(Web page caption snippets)

>>>>>

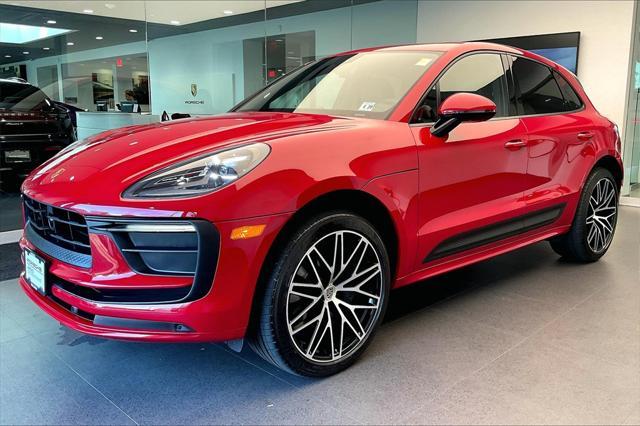 2024 porsche macan base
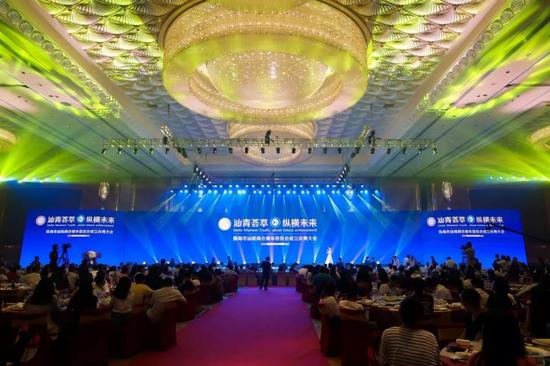 金碧辉煌的大厅、千人共聚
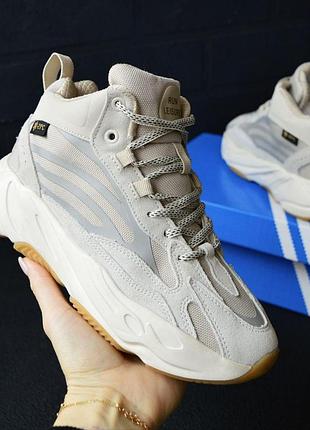 Женские зимние теплые кроссовки на меху adidas yeezy boost 700 высокие серые с бежевым кроссовки адидас изи буст 700 39(24.5см)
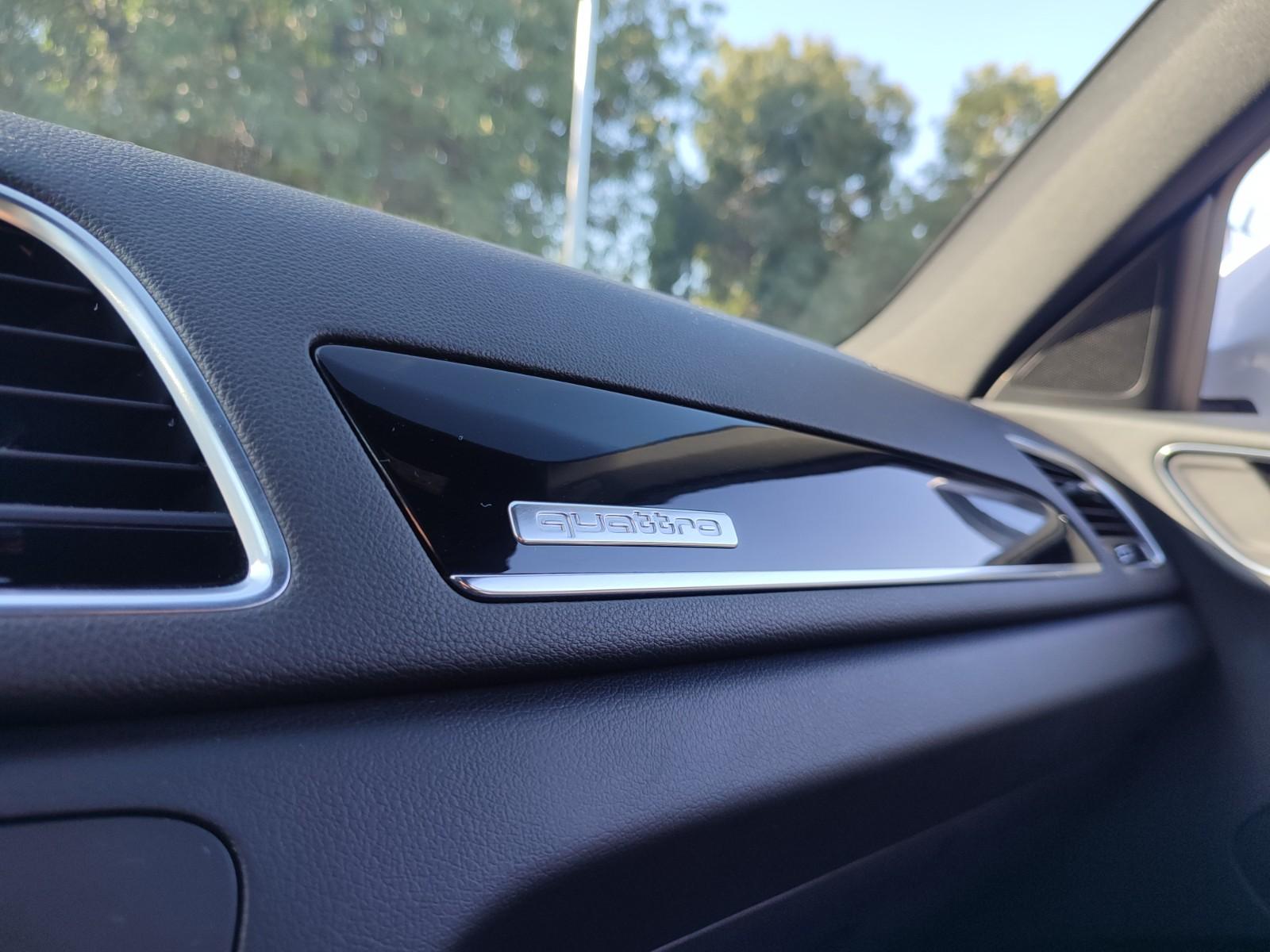 AUDI Q3 2.0 TFSI QUATTRO SLINE 2018 - Imagen 17 de 18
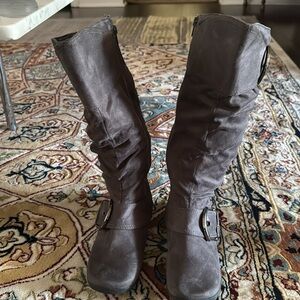 Size 7.5M gray knee high boots with buckles and Zipper.pre Loved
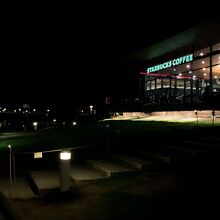 夜に浮かぶスタバ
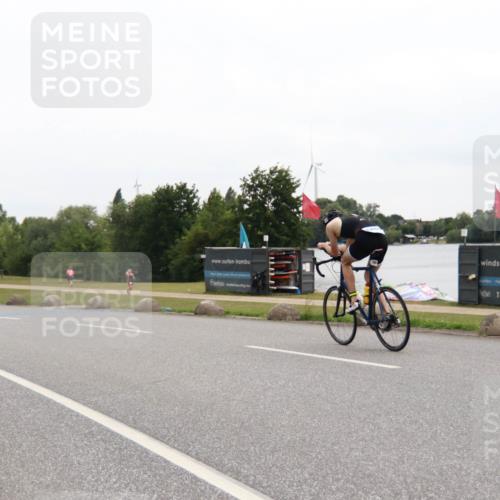 21.06.2025 - 27. Vierlanden-Triathlon H.Heesch http://msf.ph/oto/8012307 15.06.2025 13:23:33 Radfahren 1279 meine-sportfotos.de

<<<<<

Restate the data above exactly, stripping out each image.

(Task answer)
 2024 porsche macan base
 金碧辉煌的大厅、千人共聚
 Женские зимние теплые кроссовки на меху adidas yeezy boost 700 высокие серые с бежевым кроссовки адидас изи буст 700 39(24.5см)
 AUDI Q3 2.0 TFSI QUATTRO SLINE 2018 - Imagen 17 de 18
 Size 7.5M gray knee high boots with buckles and Zipper.pre Loved
 夜に浮かぶスタバ
 21.06.2025 - 27. Vierlanden-Triathlon H.Heesch http://msf.ph/oto/8012307 15.06.2025 13:23:33 Radfahren 1279 meine-sportfotos.de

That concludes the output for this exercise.